Último poste da série de 9 de Dezembro de 2015 Guiné 63/74 - P15463: Notas de leitura (785): “O Fedelho Exuberante”, por Mário Beja Santos, Âncora Editora, 2015 (2) (Mário Vitorino Gaspar)

2 comentários:

Antº Rosinha disse...

"É pernicioso manter esta distância, esta falta de intercâmbio editorial, é um entrave para a lusofonia. É a cultura e a amizade entre guineense e portugueses que ficam a perder".

BS, quando escreves esta observação, sabes (sabemos) que pouca gente de um lado ou do outro dá qualquer importância a qualquer "intercâmbio"

Amigo Beja Santos, sabes que sou teu 1º fã neste espaço de recordações e de história.

E, penso que não me vais levar a mal roubar-te aqui um espaço com um assunto que poderá parecer estranho a muita gente.

Essa tua observação levou-me a compará-la com as últimas notícias sobre uns vizinhos-irmãos dos nossos amigos guineenses, que decidiram o fim do intercâmbio (commonwelth), Gâmbia-Inglaterra.

A NOTÍCIA:

"O destino da Gâmbia está nas mãos de Alá, o todo-poderoso - Yahya Jammeh"

A Gâmbia tornou-se, este fim de semana, uma “República Islâmica”. O anúncio foi feito pelo presidente da ex-colónia britânica, Yahya Jammeh.

“O destino da Gâmbia está nas mãos de Alá, o todo-poderoso. A partir de hoje a Gâmbia é uma República Islâmica”, afirmou, garantindo, contudo, que os direitos da minoria cristã residente no país serão respeitados, e que as mulheres não irão sofrer restrições ao nível do vestuário.

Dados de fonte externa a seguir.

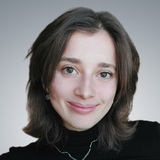 Katharina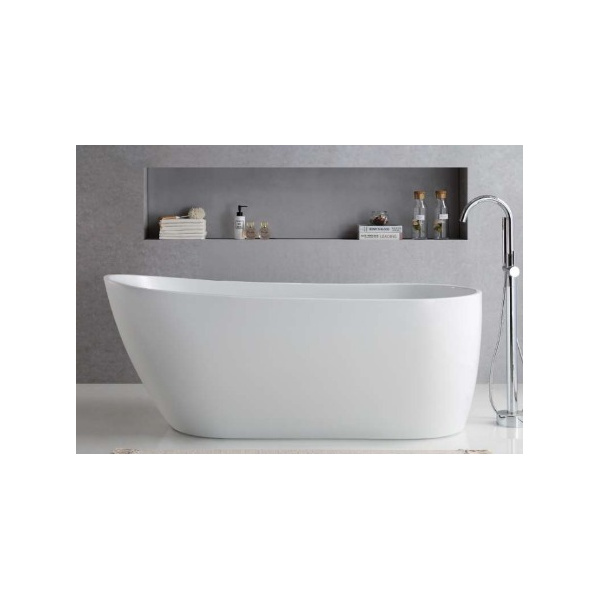 ppmb_8038_1690x760x700mm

A Gâmbia, país africano com quase dois milhões de habitantes, 90% dos quais, muçulmanos, junta-se assim ao grupo das repúblicas islâmicas, como o Irão, o Paquistão ou o Afeganistão.

Desculpa Beja Santos

Antº Rosinha disse...

"É pernicioso manter esta distância, esta falta de intercâmbio editorial, é um entrave para a lusofonia. É a cultura e a amizade entre guineense e portugueses que ficam a perder"

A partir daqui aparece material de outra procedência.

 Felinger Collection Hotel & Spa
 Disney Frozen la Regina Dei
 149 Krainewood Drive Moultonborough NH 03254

BS, já pouca gente quer saber de "intercâmbios".

BS, até os vizinhos-irmãos dos guineenses, a Gâmbia, se desligou, da «commonwelth» e virou "Estado Islâmico".

Não se pode enterrar a cabeça na areia.

Como estou nos antípodas, tenho que ficar por aqui.

Compreendo as tuas belas ideias, espero que não sejam tão irreais como foram os sonhos de Amílcar Cabral.